Keeping in mind this is just one publisher–albeit a big one–here are Scholastic’s trends for (presumably American but probably Canadian as well–don’t know about other countries) children’s literature.

That was a very complicated sentence. Sorry. Here are the trends:

1. Books on “kindness in an uncertain world.”

2. Reintroducing some of the classics.
Like Magic Schoolbus (which is 30 years old, if you can believe it) and Goosebumps (20 years old).
3. Humour
Yay!

(See Disclosure, below.)
4. Nonfiction and biographies that help kids learn how to do research.
Well. I must say this bodes very well for our sister website, TeachingKidsNews.com — we publish free, kid-friendly news with curriculum material to help kids work on their critical thinking skills so they can sort out real news from fake news and know what’s going on in the world. (This was my sidebar about TKN, btw, not Scholastic’s.)
5. Twisted-up classics
“Meet Little Red Riding Hood, but this time as a superhero.” Wow, I did not see that coming. Interesting. (By the way, along these lines, my friend–hey, is it my fault I have a lot of author friends on Facebook?–just published a take on the Cyrano story. It’s called Crushing It and it’s for middle-grade readers–about grade 7/8. You can read  the first three chapters free. I read an early version of it (as a beta-reader) and I loved it.

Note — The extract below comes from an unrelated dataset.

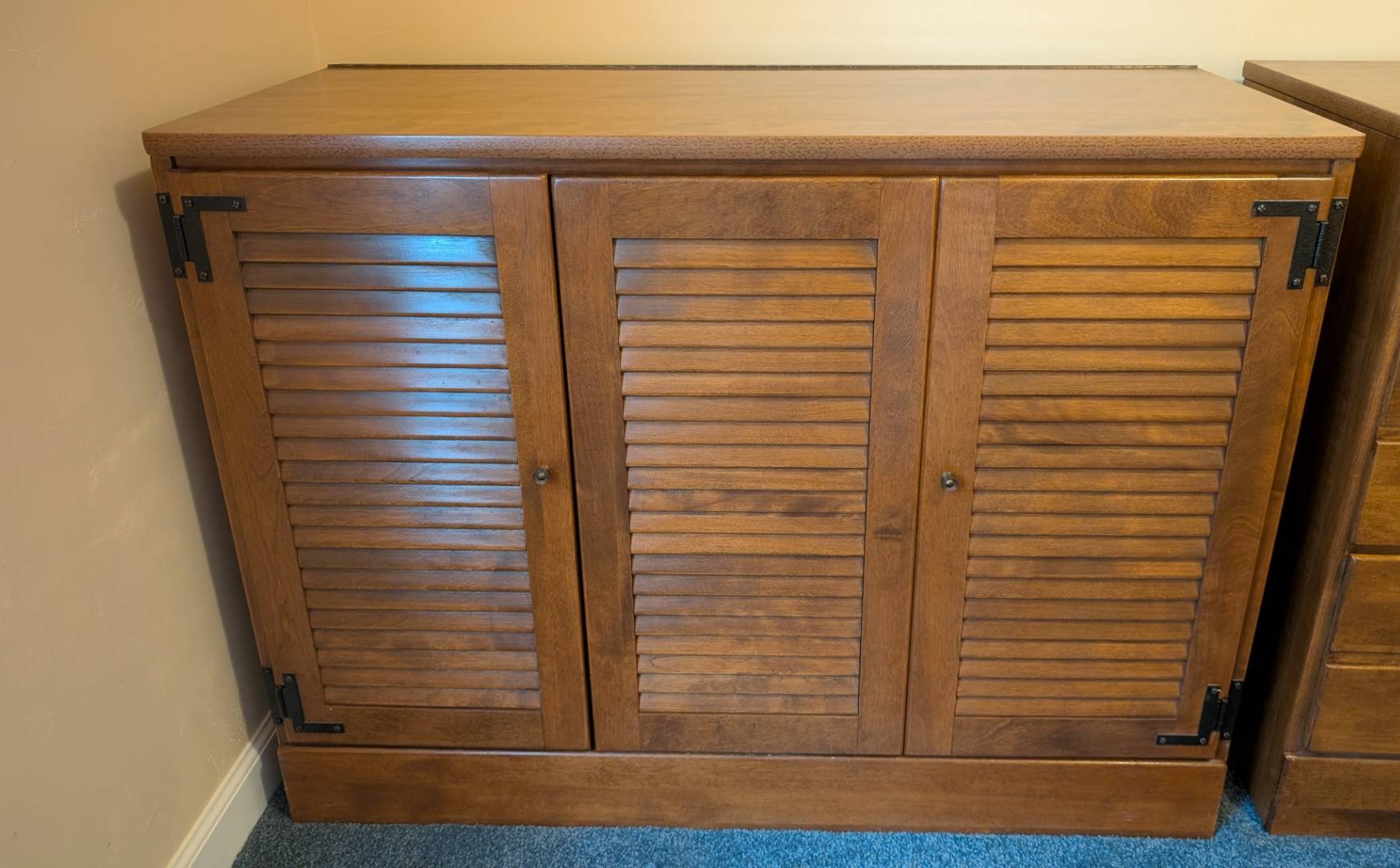 Ethan-Allen-Lift-Top-Media-Cabinet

Here’s Scholastic’s whole list, along with book recommendations for each one — again, keeping in mind that all the recommendations will be for Scholastic books (not that there’s anything wrong with that…).

Disclosure: Really, I just want to brag that I did extra-extra research for this post. I asked Marcie Colleen (who I do know from Facebook–that’s the disclosure part for ya) for a copy of Super Happy Party Bears before I used it as the featured photo because I wanted to be Super Thorough (that was a Party Bears use of capital letters). My one-line review: In a world of seemingly never-ending bad news and strife, this book just wants you to be happy and it wants your kid to be happy and it really does feature super-happy bears partying all the time, and in the end *spoiler* they defeat the grumpy ones. Ha!